Context & Scope
Last updated
Was this helpful?
Last updated
Was this helpful?
The Data Streamhouse is architected as a modular system, with each component responsible for a distinct operational concern. This separation enables horizontal scalability, fault isolation, and performance optimization—allowing the platform to support environments with hundreds of Kafka clusters and millions of active data streams.
Portal serves as the central control plane for distributed real-time data systems. It connects to Apache Kafka clusters and related components to unify access, governance, and operations across teams and environments. Users interact with Portal through a web-based interface.
Argus monitors one or more Apache Kafka clusters. It collects metrics, performs system health checks, and runs the Health Assistant to detect issues across the cluster and its associated components. Argus operates headlessly and reports back to Portal. Cluster assignments are managed via Portal.

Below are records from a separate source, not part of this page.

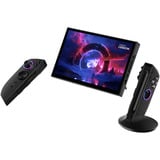 Lenovo Legion Go, Console de jeu Noir, 32 Go | 512 Go | Wi-Fi 6E | BT | Windows 11 Home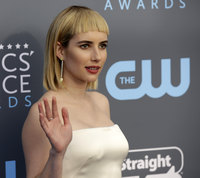 Emma Roberts mug #G2345588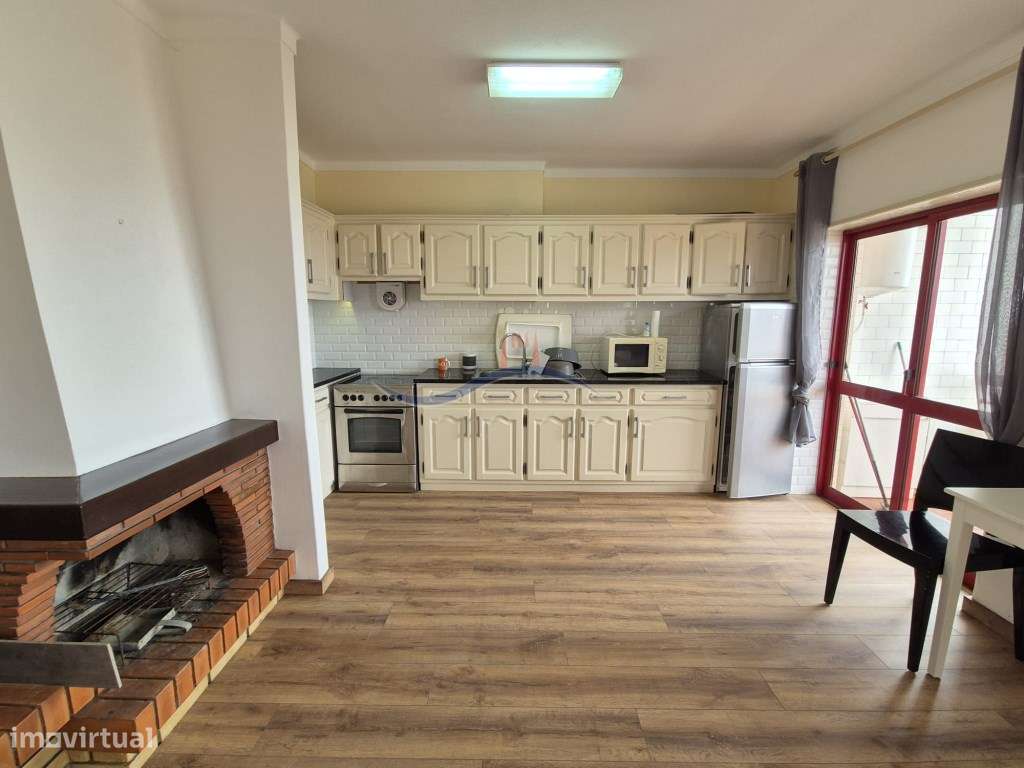 Apartamento T2 - Praia do Pedrogão - Grande imagem: 4/19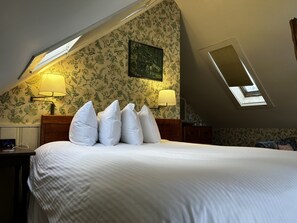 Ropa de cama hipoalergénica y decoración personalizada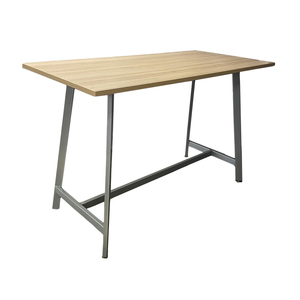 Converse Staffroom Bar Leaner - Educated Furniture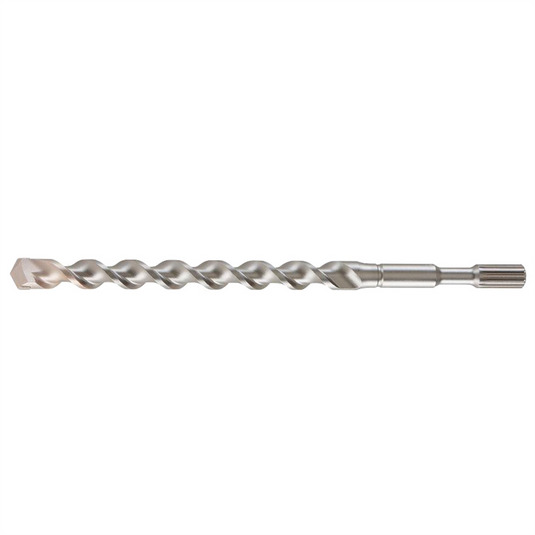 Milwaukee Tool Spline Bit 2-Cutter 7/8"" x 16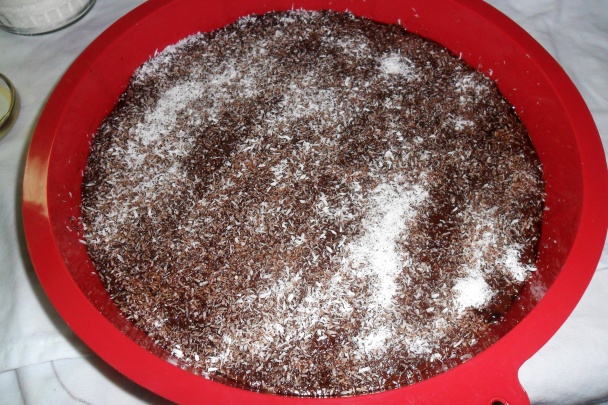 Čokoláda s vôňou pomarančov - obrázok 2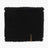 turtle fur comfort lush neck warmer-color-black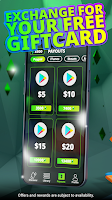 Cash Giraffe - Play and earn Скриншот 4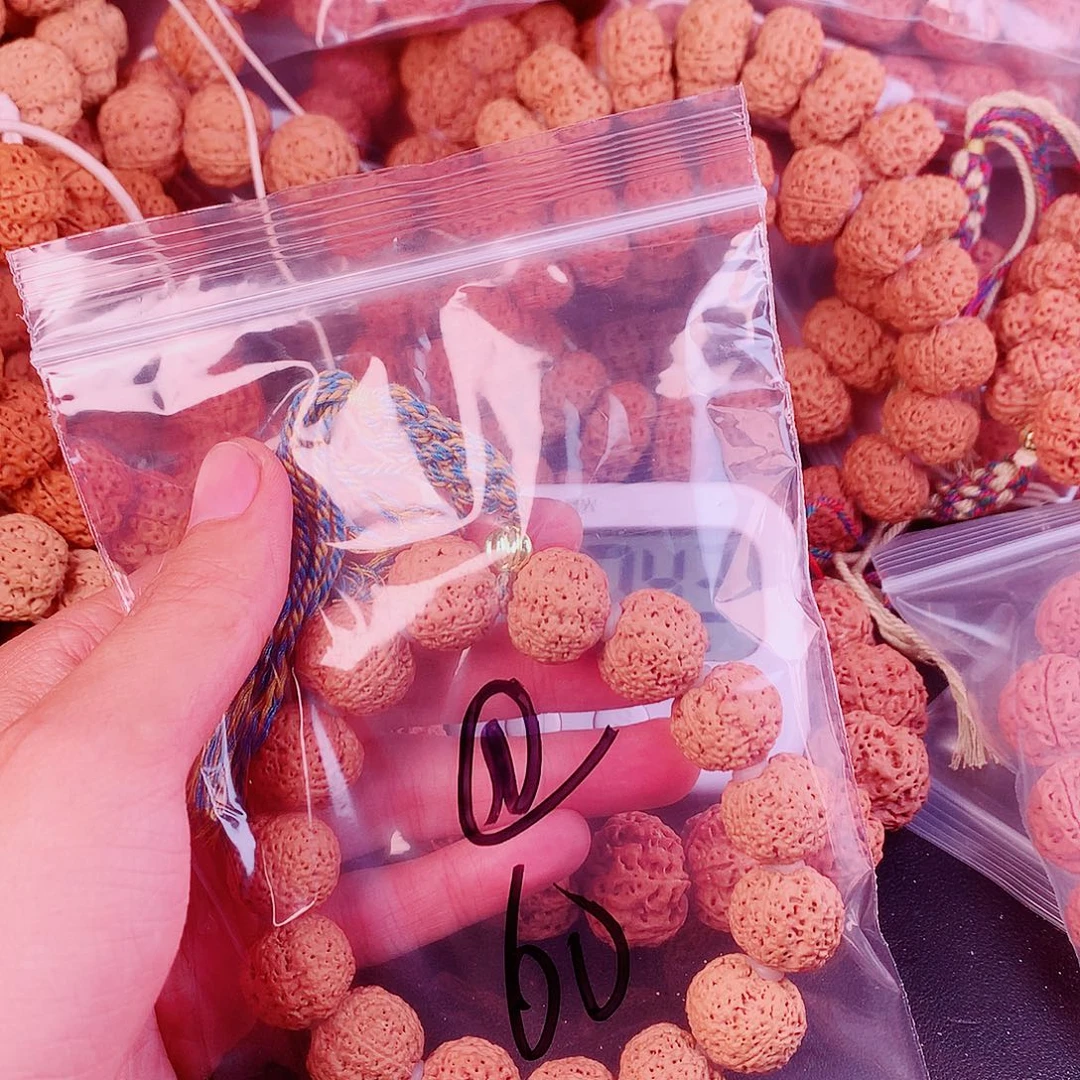 ღ***࿐手串金刚菩提01————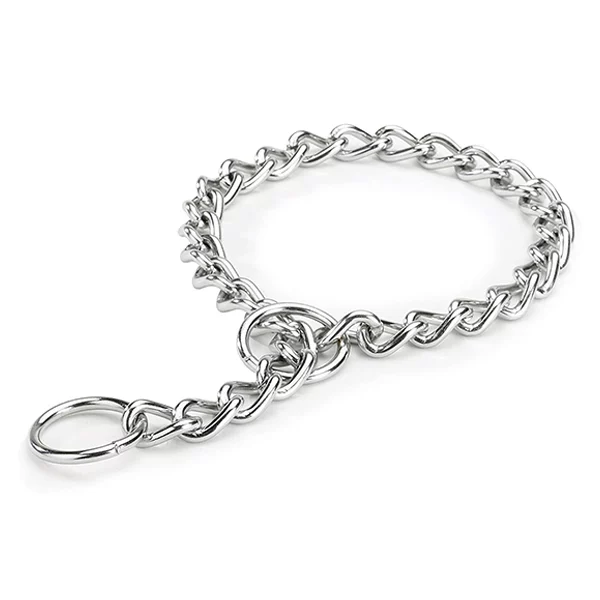 زنجیر گردنی همراه با پلاک مریلند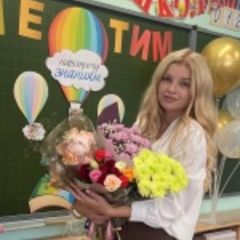 Сидорова Снежана
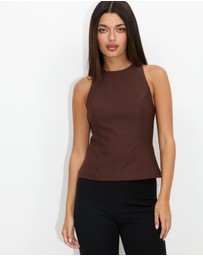Dazie - Daybreak Top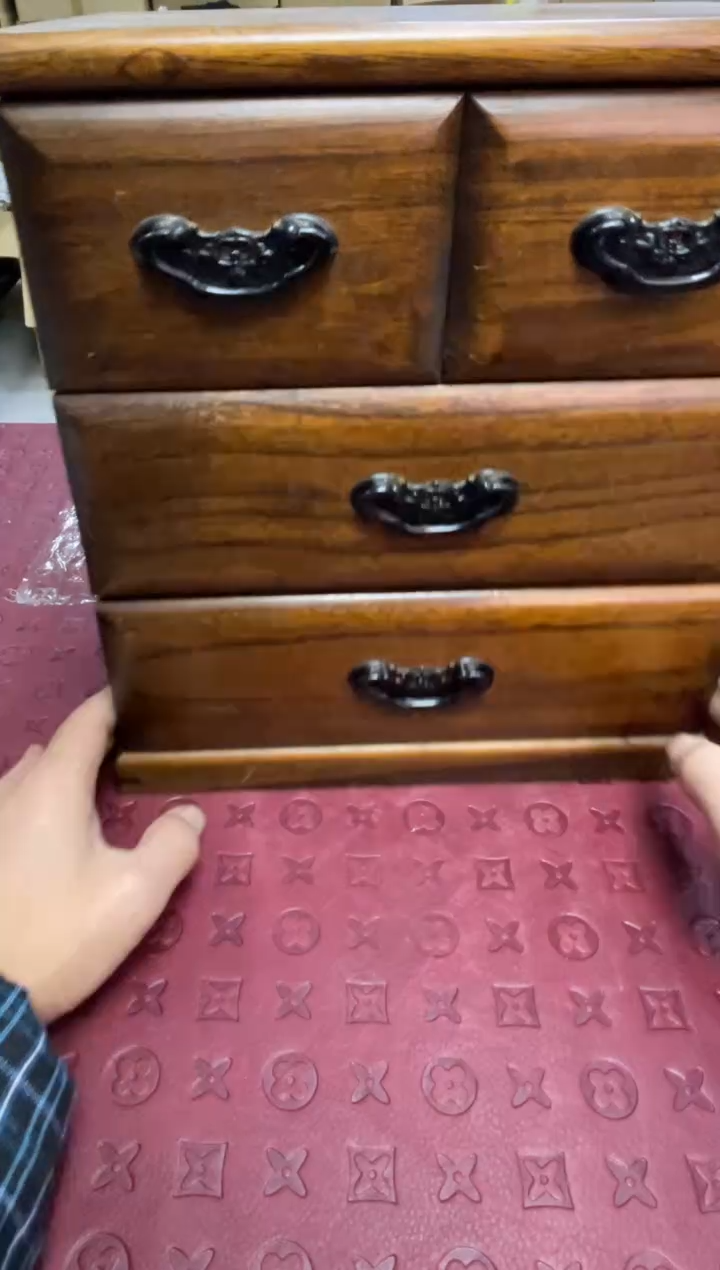 木 默认微瑕，no退no换，介意勿拍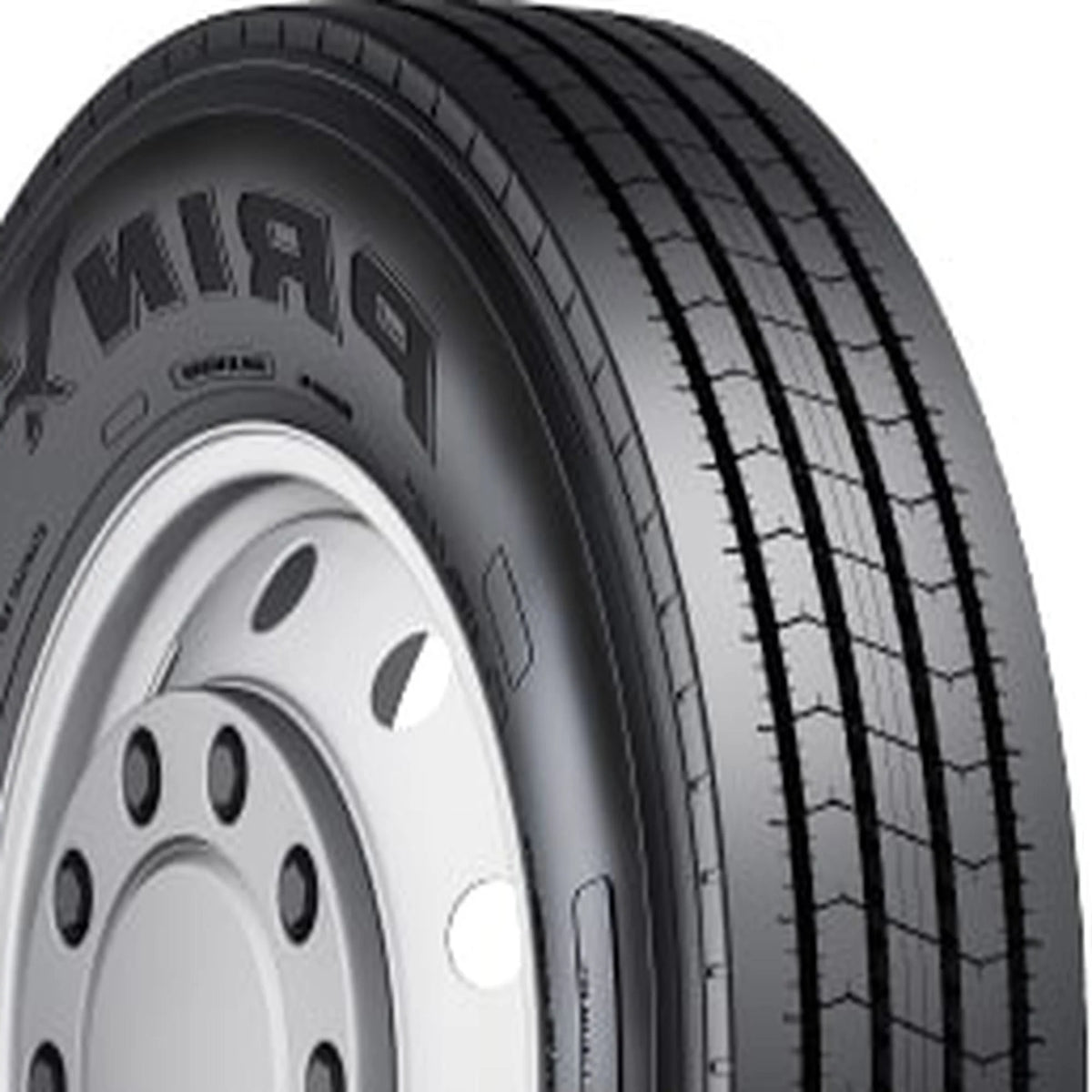 265/70R19.5 Commercial Tire R953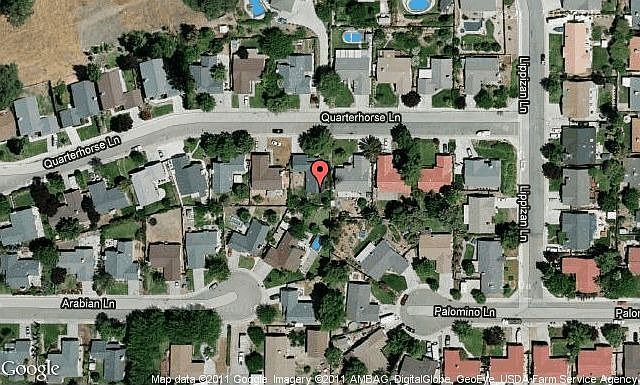Map View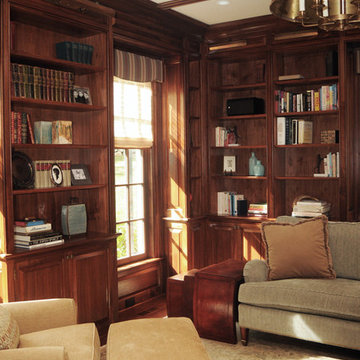 Westchester Charm in Chappaqua NY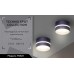 Потолочный светильник Ambrella light Techno Spot TN621 Синий
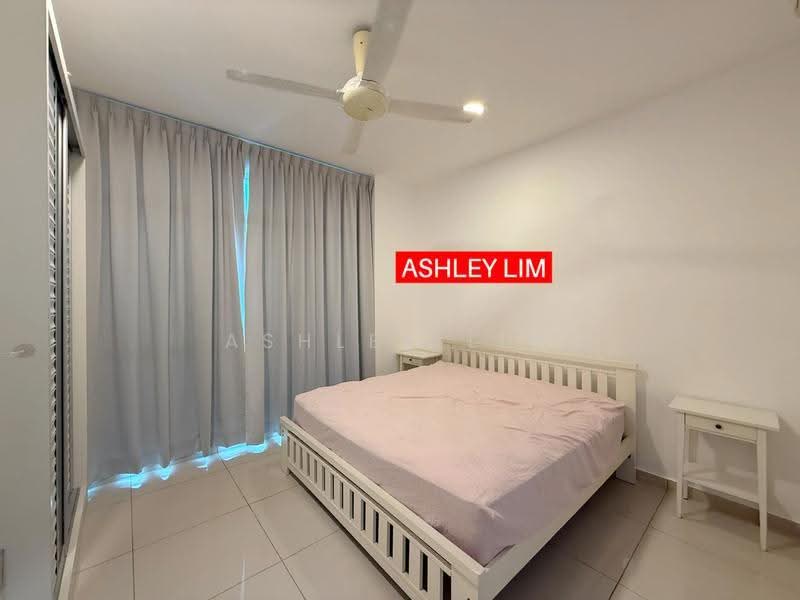 Condominium for Sale at Straits Garden Condominium - Ashley Lim - PropertyGuru.com.my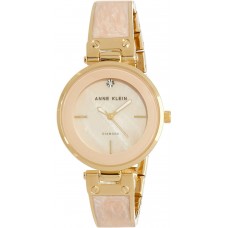 Наручные часы Anne Klein AK/2512LPGB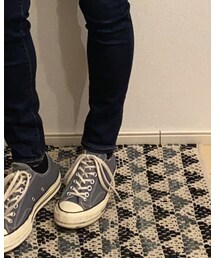 CONVERSE | スニーカー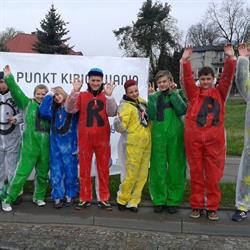 Szkoła Podstawowa Łódzkiego Stowarzyszenia Na Rzecz Porozumienia Z Europą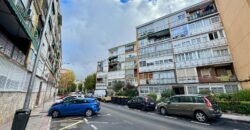 Piso en venta. Calle Villamanín, Lucero, Madrid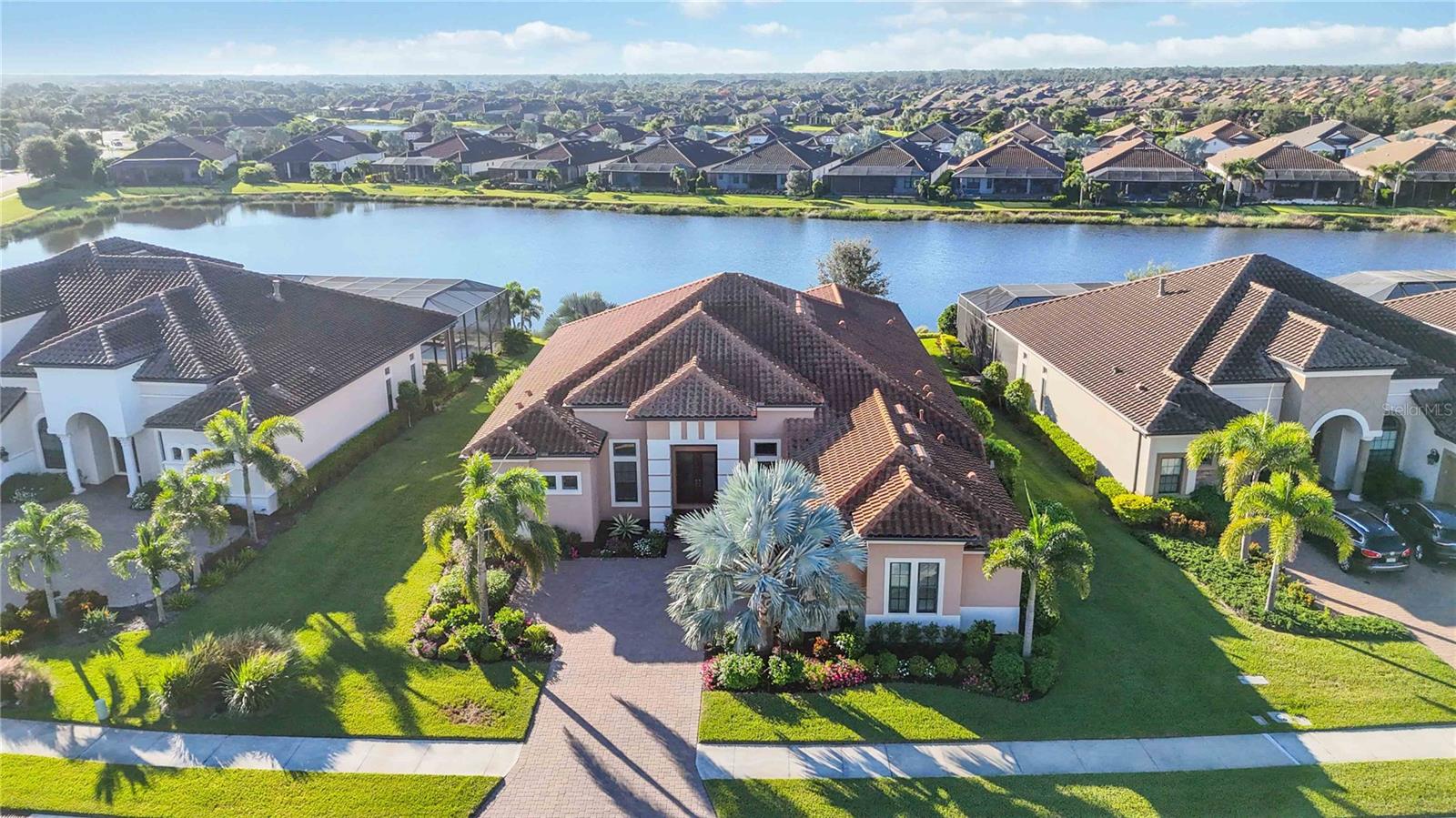 Details for 5341 Brookgrove Drive, SARASOTA, FL 34238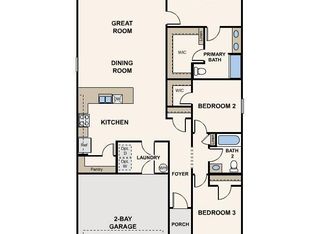 1246 S Maria Carmela Ln, Benson, AZ 85602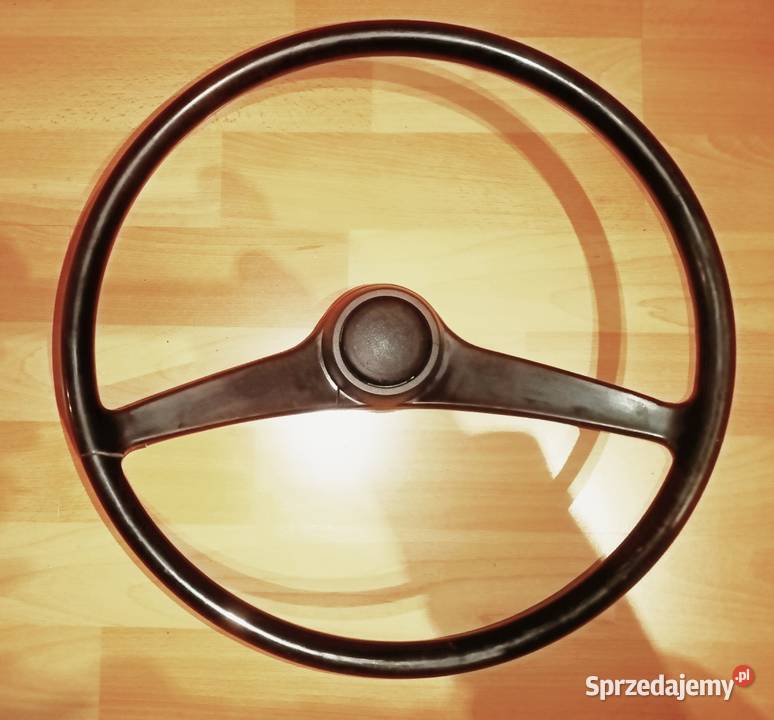 Kierownica FIAT 126p I seria BAMBINO podkarpackie Tarnobrzeg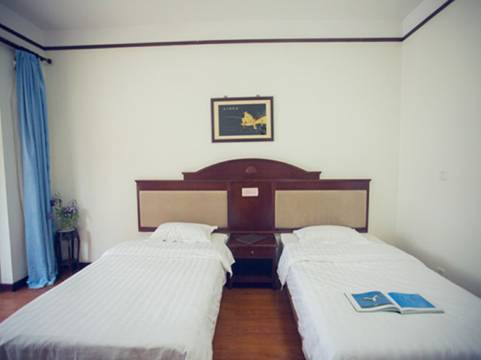 日出别墅(北戴河金山嘴路店)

Machina is the computational core of the Data Streamhouse. It executes data streaming applications and processes, such as data integration, processing, or custom analytics. Machina instances are deployed and managed independently for workload isolation and scale.
The Data Streamhouse runs entirely within your controlled infrastructure—whether in private cloud, on-premise data centers, or containerized environments on public cloud platforms. The diagram below outlines the core components of the system (Portal, Machina, Argus) and the external systems and actors that interface with it.
A single Data Streamhouse typically connects to multiple, separate data streaming environments—each with its own Kafka clusters, Schema Registries, Connect clusters, and associated applications. This multi-environment architecture supports hybrid setups and allows organizations to centralize governance, monitoring, and control across all streaming domains from one unified platform.
Key external integrations include:
Authentication providers (e.g., LDAP, OpenID)
Automation and provisioning systems (IaC, CI/CD)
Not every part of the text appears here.